Repeat exactly the lines that run from the start of the records below to the line with "757 Old Ivy Road Ne, Atlanta, Georgia", including both of those lines but not the pictures.

(Supplied material begins)

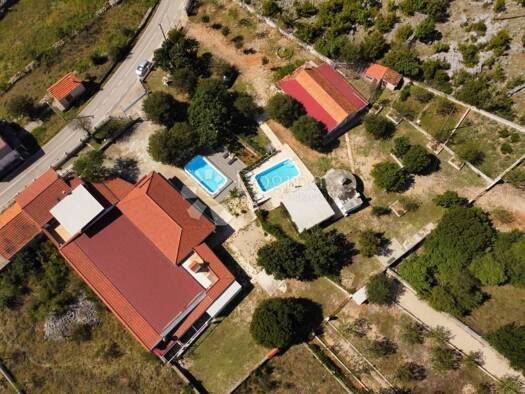 Haus zum Kauf 1.500.000 € 10 Zimmer 450 m² Nevest, Unesic Unesic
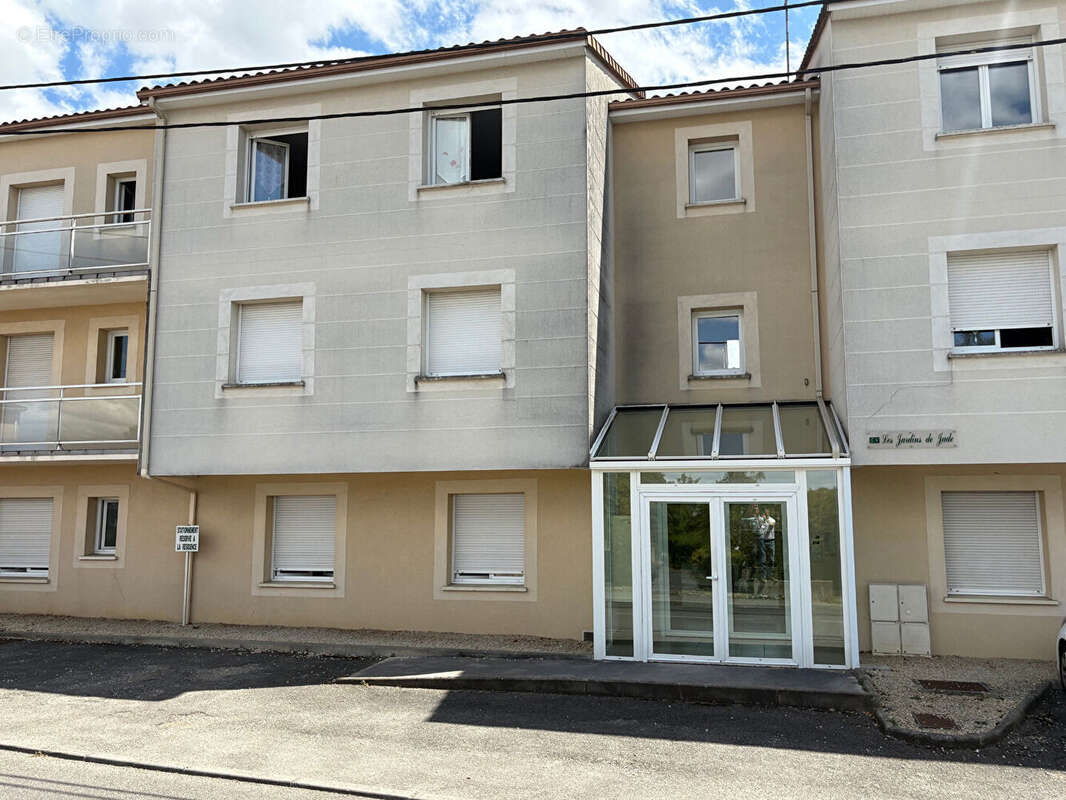 Buxerolles - bel appartement  2 pièce(s) 54 m2 - jardinet - parking privatif. - photo 12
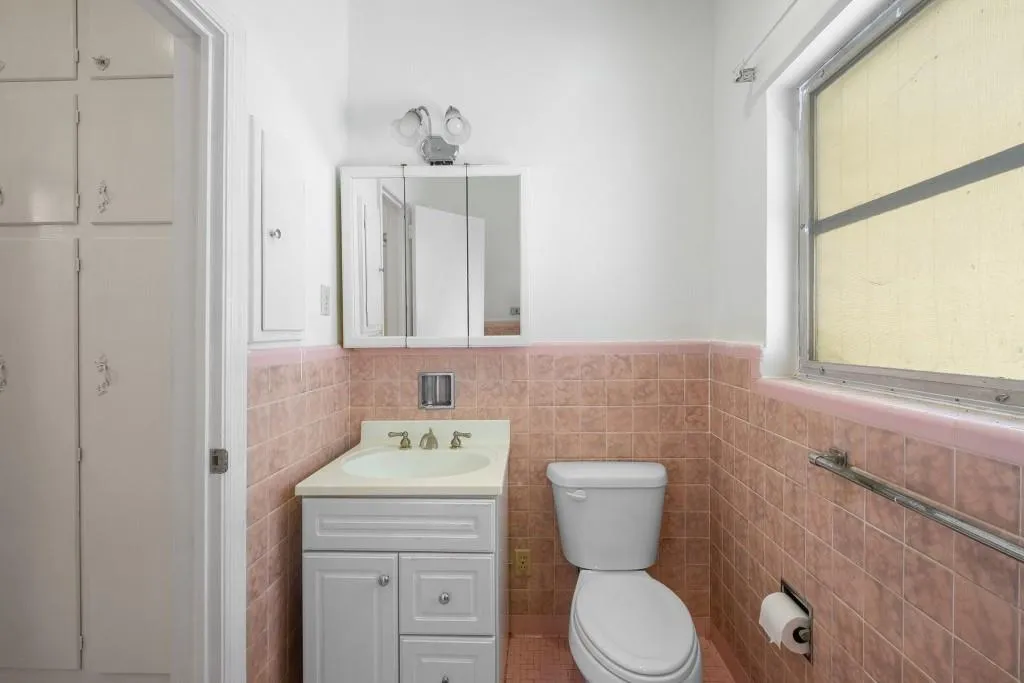 757 Old Ivy Road Ne, Atlanta, Georgia 30342, 4 Bedrooms Bedrooms, ,3 BathroomsBathrooms,Residential,For Sale,757 Old Ivy Road Ne,7695363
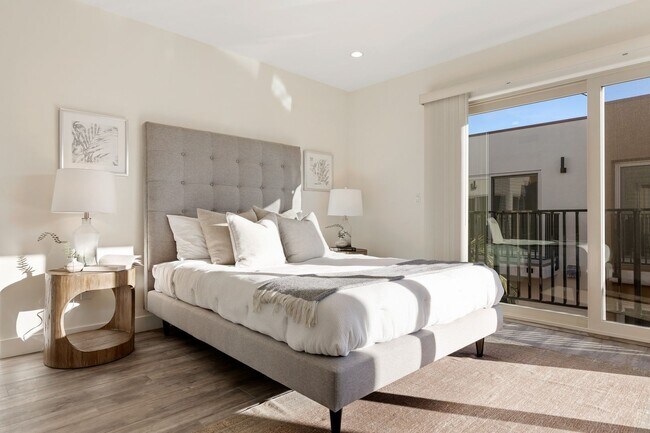 808 Reed Ave San Diego, CA 92109 photo 2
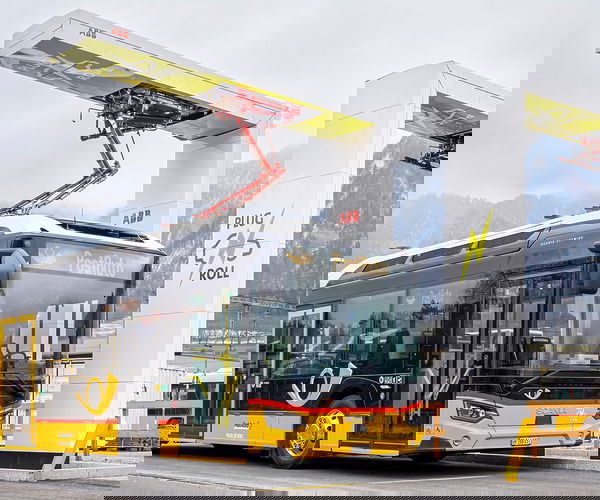 A teljes, 2400 darabos flottáját elektromos autóbuszokra cserélné 2040-ig a svájci PostAuto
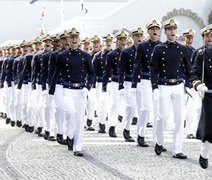 Concurso para fuzileiros tem 1.300 vagas de nível médio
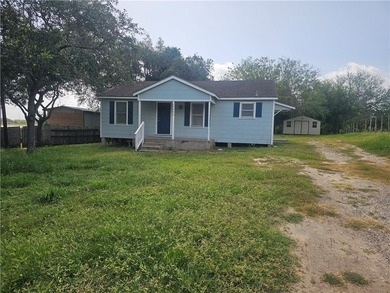 Country living in City, cute home on almost 1/2 acre, 2 bedrooms - photo 3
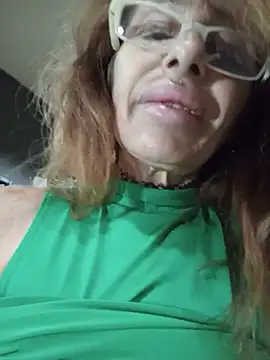 FrozenWaffle live cam on StripChat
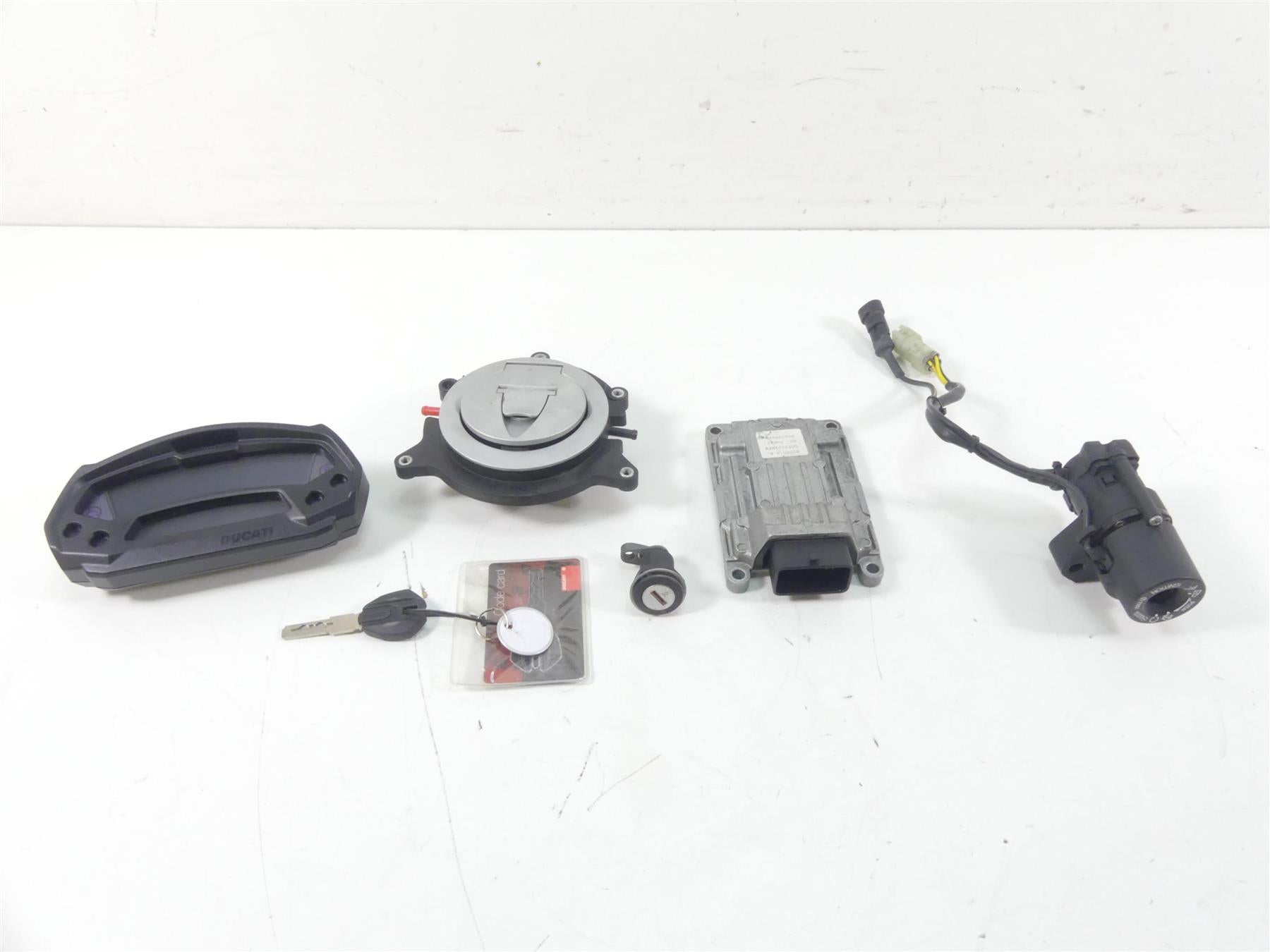 2009 Ducati Monster 1100 S Cdi Ecu Speedo Gauges Ignition Switch Key 40610703A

(Supplied material ends)

*Task solution*.
 Haus zum Kauf 1.500.000 € 10 Zimmer 450 m² Nevest, Unesic Unesic
 Buxerolles - bel appartement  2 pièce(s) 54 m2 - jardinet - parking privatif. - photo 12
 757 Old Ivy Road Ne, Atlanta, Georgia 30342, 4 Bedrooms Bedrooms, ,3 BathroomsBathrooms,Residential,For Sale,757 Old Ivy Road Ne,7695363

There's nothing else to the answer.